==== Records for the task ====

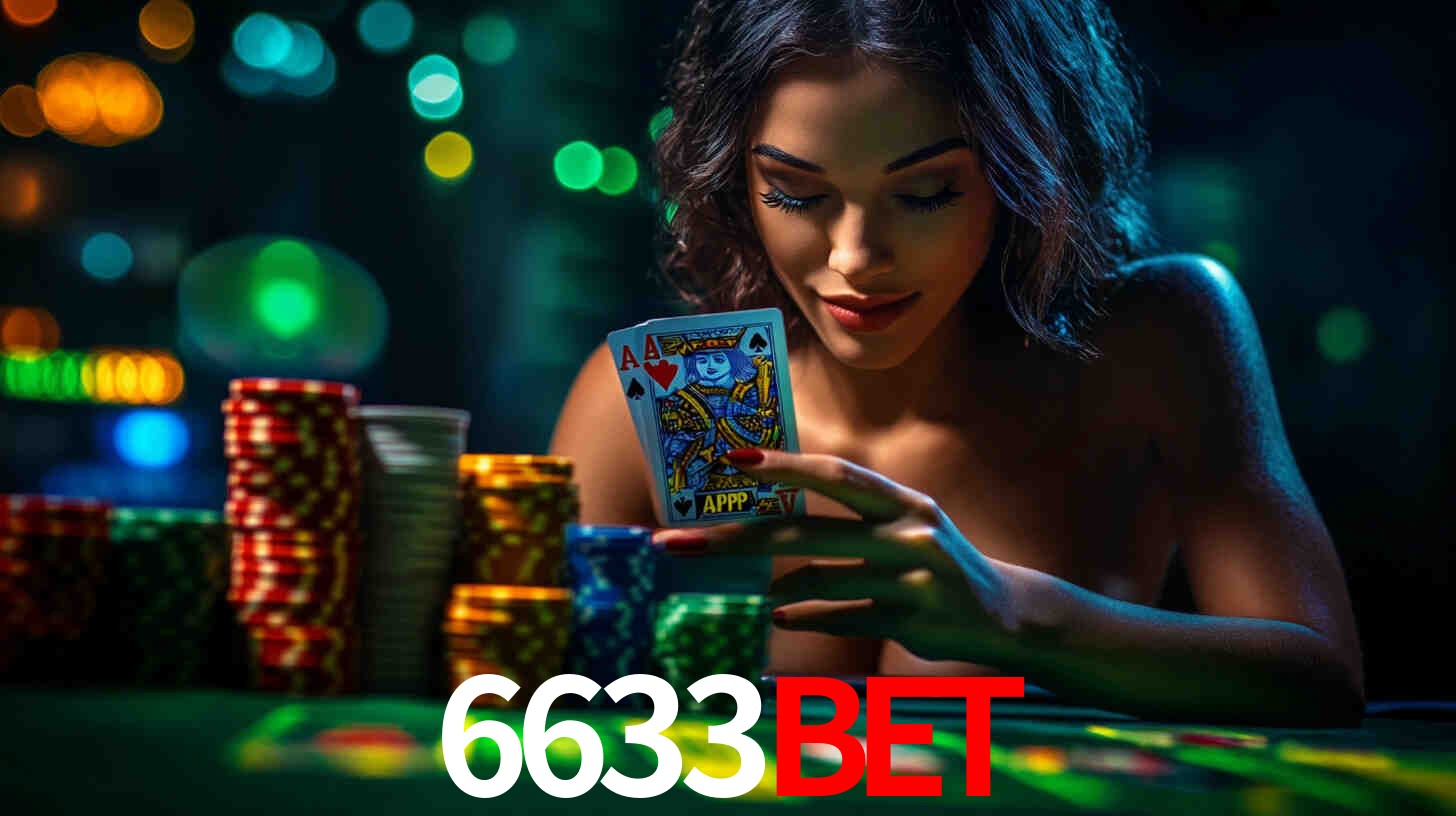 PIX Instantâneo 6633bet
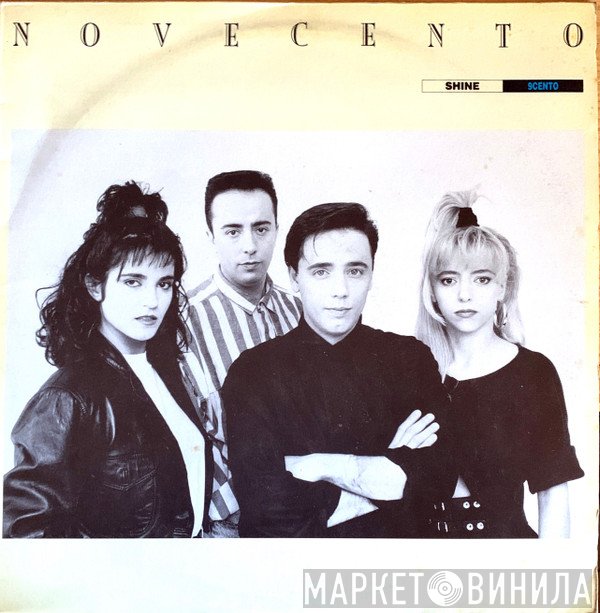 Novecento  - Shine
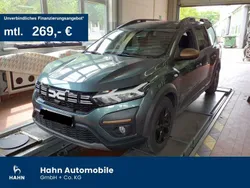 Oxidgrün Gebraucht 2023 Dacia Jogger Extreme Van / Kleinbus | 19.930 € (Fairer Preis)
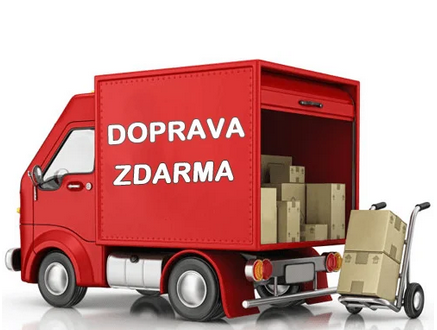 při nákupu nad 1499 Kč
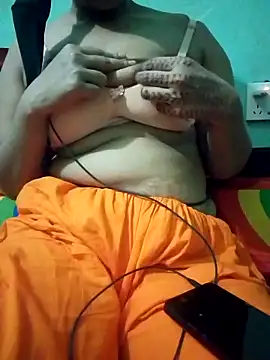 Maria Mahi online show from 09.10.25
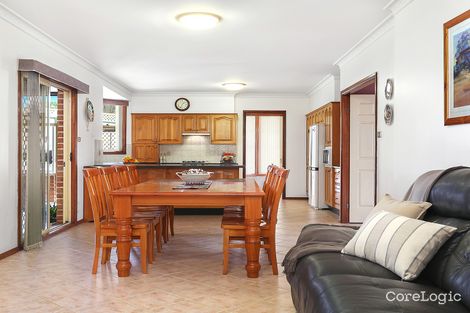 Property photo of 3 La Vista Grove Castle Hill NSW 2154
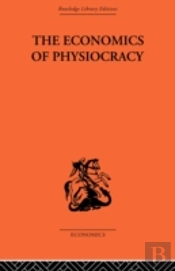 Economics Of Physiocracy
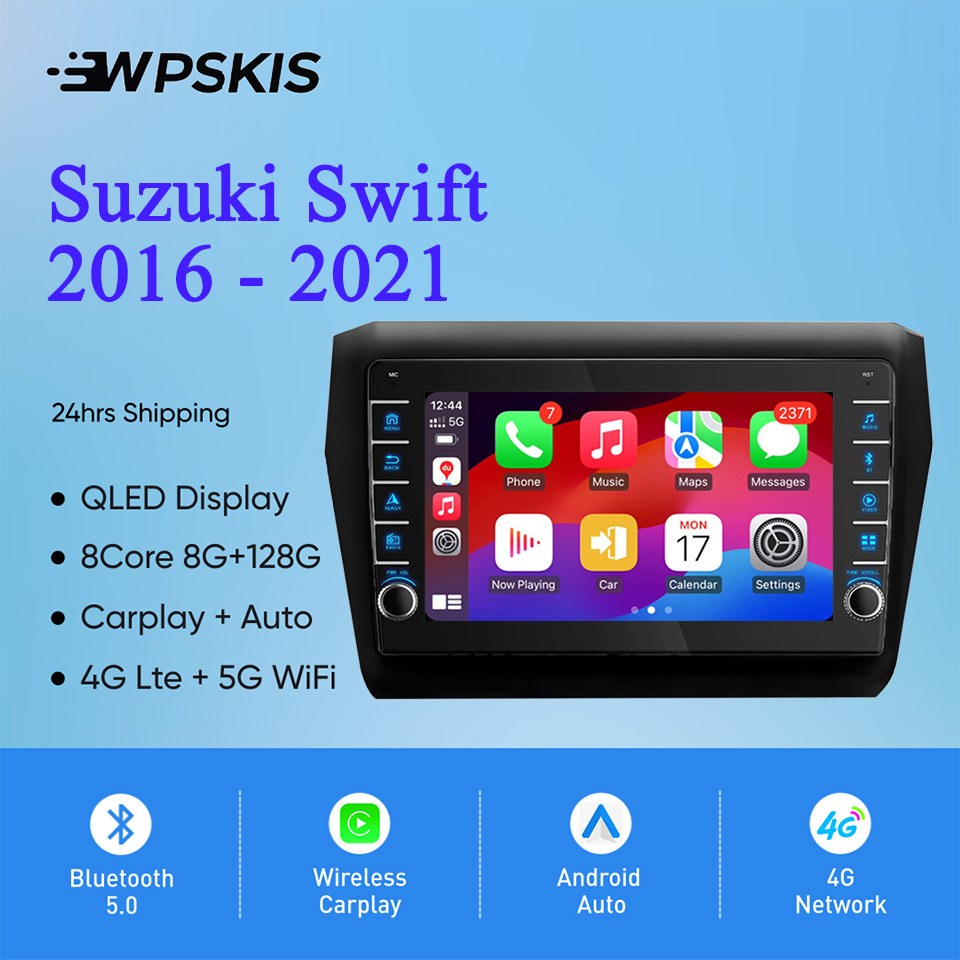 Audio Music To Text - 8G Ram 128GB أندرويد 14 راديو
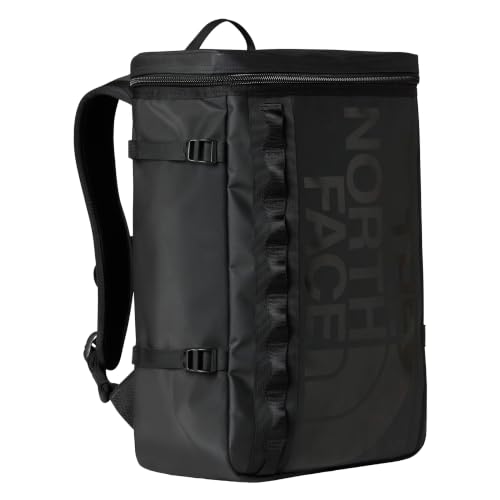 🔥 STARKER PREIS (-44%) THE NORTH FACE Base Camp Fuse Box 30L Rucksack, Tnf Black/Tnf Black/Npf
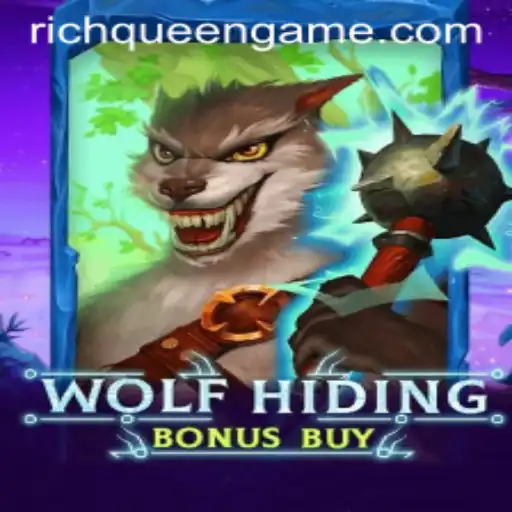 Discover the Thrilling World of WolfHidingBonusBuy: A Journey with RichQueen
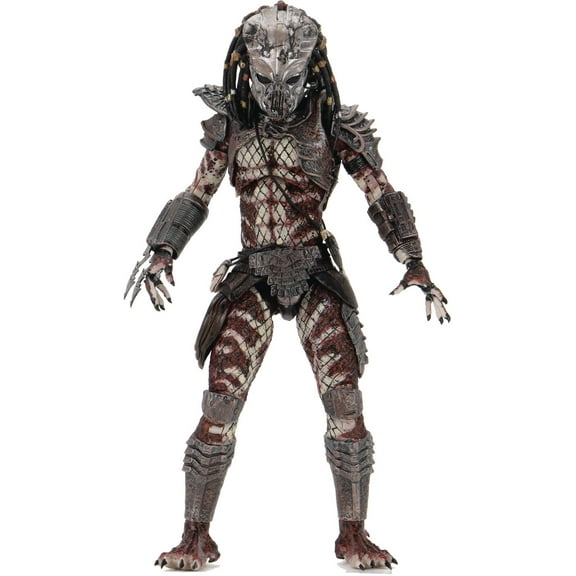 NECA - Predator 2 Ultimate Guardian Predator 7 Action Figure
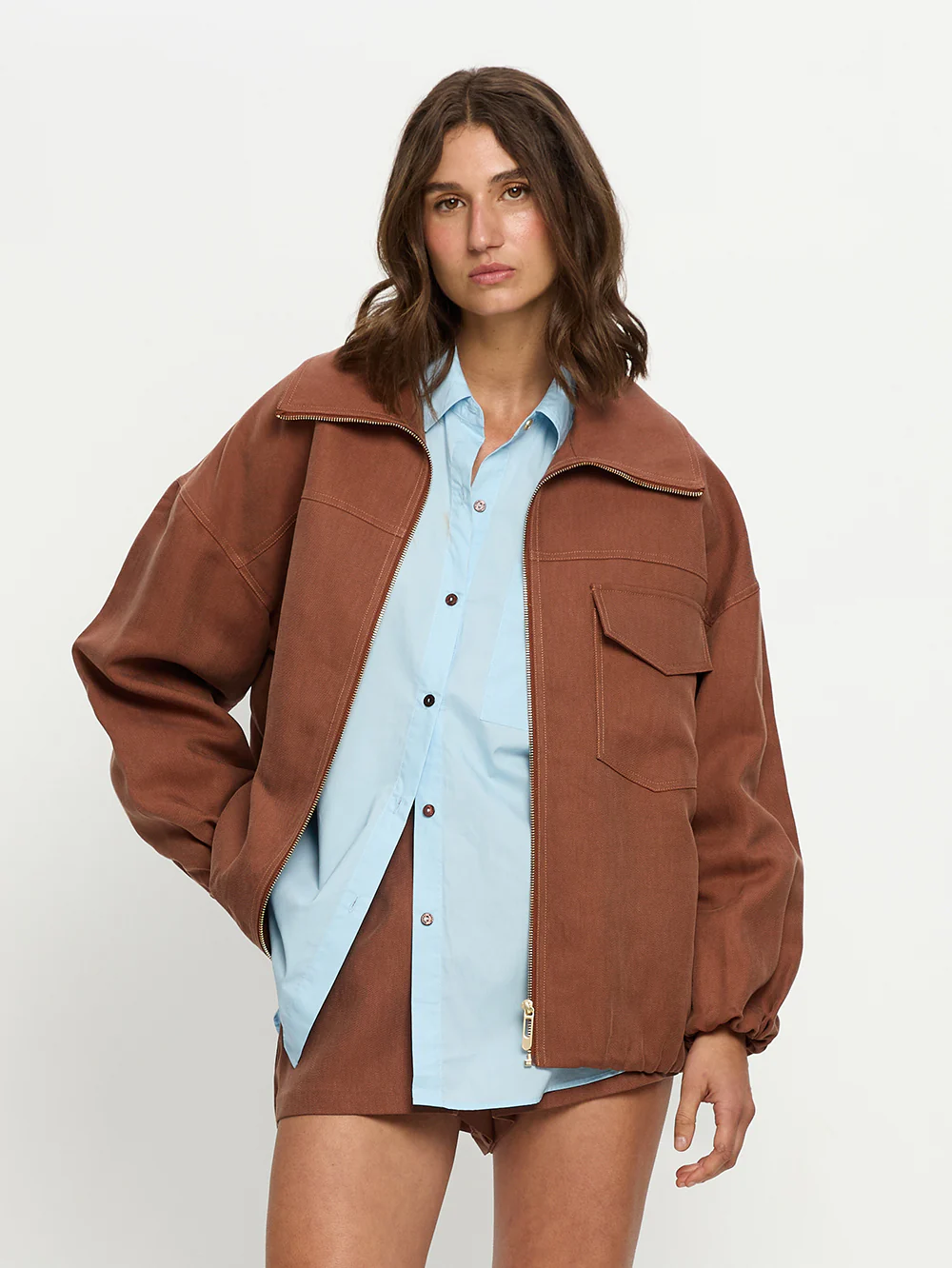 Becky Shirt - Image 9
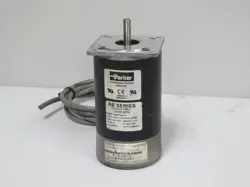 SERVO/STEPPER MOTOR USED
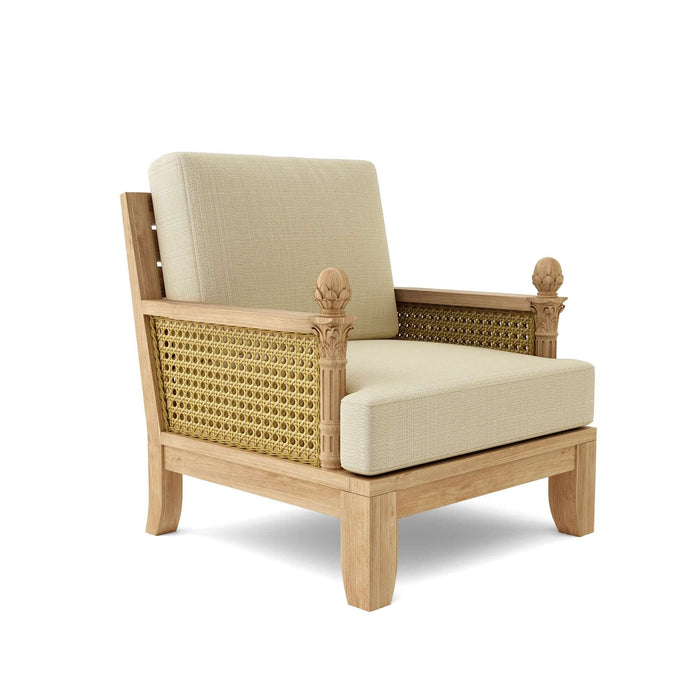 Anderson Teak Luxe Armchair : DS-501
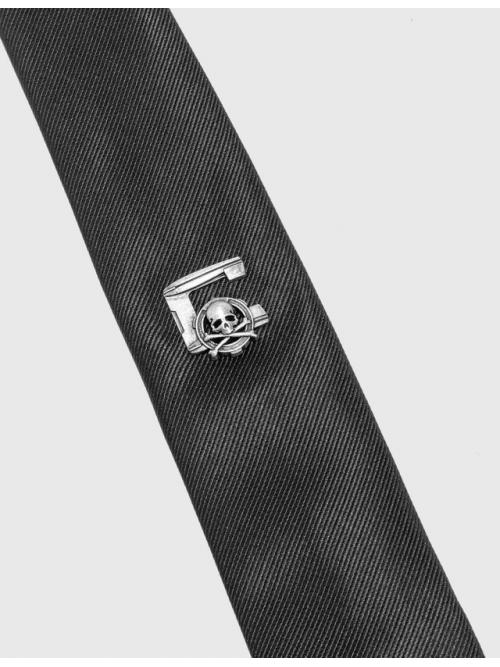 C2H4® X MASTERMIND JAPAN BADGE 领带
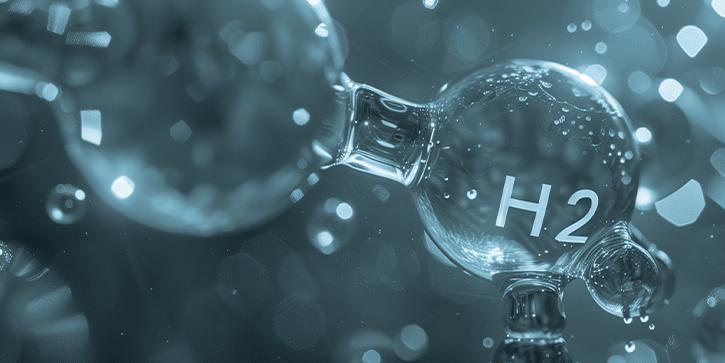 Hydrogen & Ammonia Power Generation and Value Chain Construction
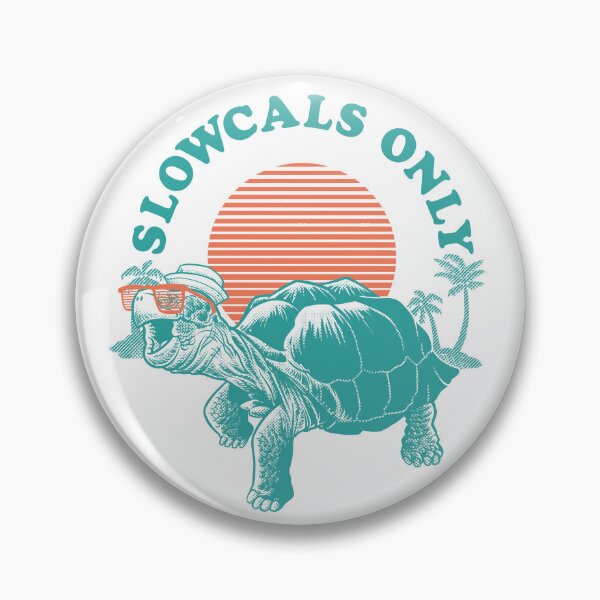 Item preview, Slowcals only  designed and sold by Gimetzco.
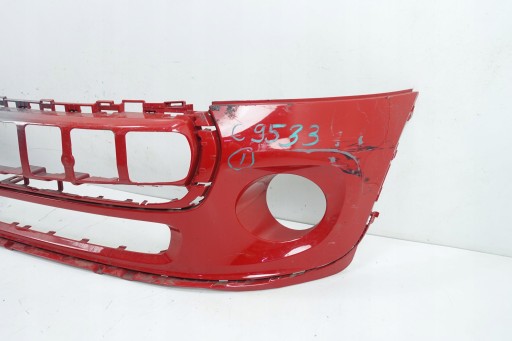 bumper front front MINI F56 14- 7317969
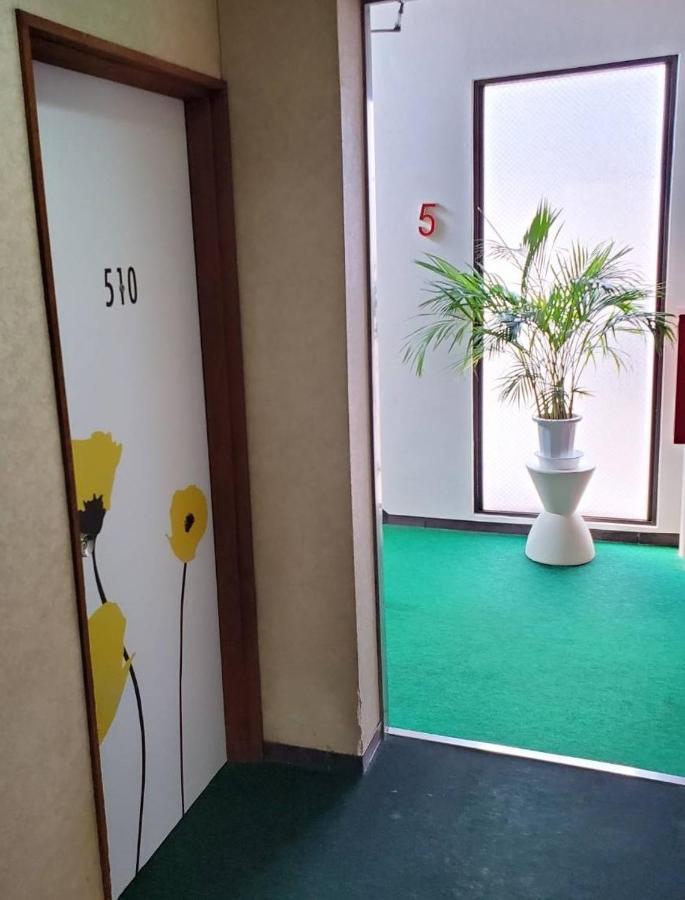 Business Hotel Nakayama Nagoya Luaran gambar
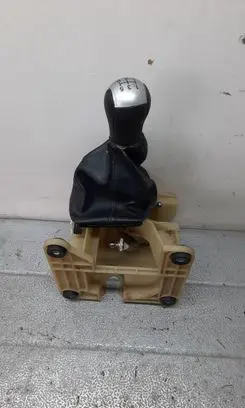 Ford Focus C-MAX Lift Jack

====

• Problem statement: Exactly as written above, retype the lines starting at the one holding "Maria Mahi online show from 09.10.25" and ending at the one holding "Becky Shirt - Image 9", both included, but not the pictures.

• Answer section:
 Maria Mahi online show from 09.10.25
 Property photo of 3 La Vista Grove Castle Hill NSW 2154
 Economics Of Physiocracy
 Audio Music To Text - 8G Ram 128GB أندرويد 14 راديو
 🔥 STARKER PREIS (-44%) THE NORTH FACE Base Camp Fuse Box 30L Rucksack, Tnf Black/Tnf Black/Npf
 Discover the Thrilling World of WolfHidingBonusBuy: A Journey with RichQueen
 NECA - Predator 2 Ultimate Guardian Predator 7 Action Figure
 Becky Shirt - Image 9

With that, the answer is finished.